◆ EXERCISE ◆
A word-for-word copy of the data is what's wanted, with no pictures.

◆ SOURCE DATA ◆
**********

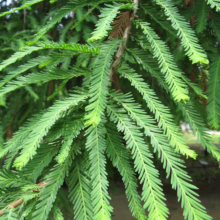 Close-up of bright green Metasequoia glyptostroboides (dawn redwood) foliage. The feathery leaves create a soft, textured effect, showcasing the tree's delicate beauty.
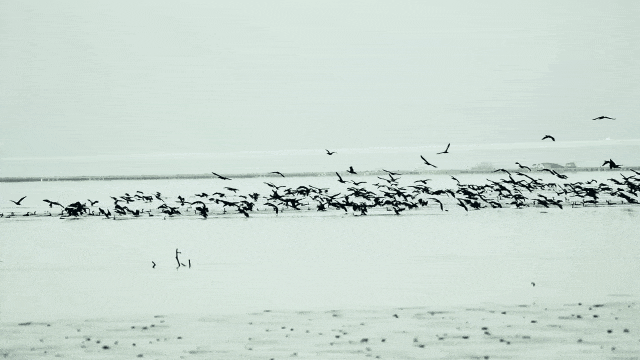 香港鹦鹉每天“北上干饭”?深圳网友:来了就是“深圳鸟” 香港鹦鹉每天“北上干饭”?深圳网友:来了就是“深圳鸟”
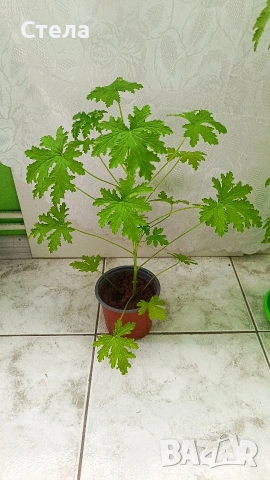 комплект цветя 10 евро и други цветя , снимка 10 - Стайни растения - 53144265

**********

◆ OUTPUT ◆
 Close-up of bright green Metasequoia glyptostroboides (dawn redwood) foliage. The feathery leaves create a soft, textured effect, showcasing the tree's delicate beauty.
 香港鹦鹉每天“北上干饭”?深圳网友:来了就是“深圳鸟” 香港鹦鹉每天“北上干饭”?深圳网友:来了就是“深圳鸟”
 комплект цветя 10 евро и други цветя , снимка 10 - Стайни растения - 53144265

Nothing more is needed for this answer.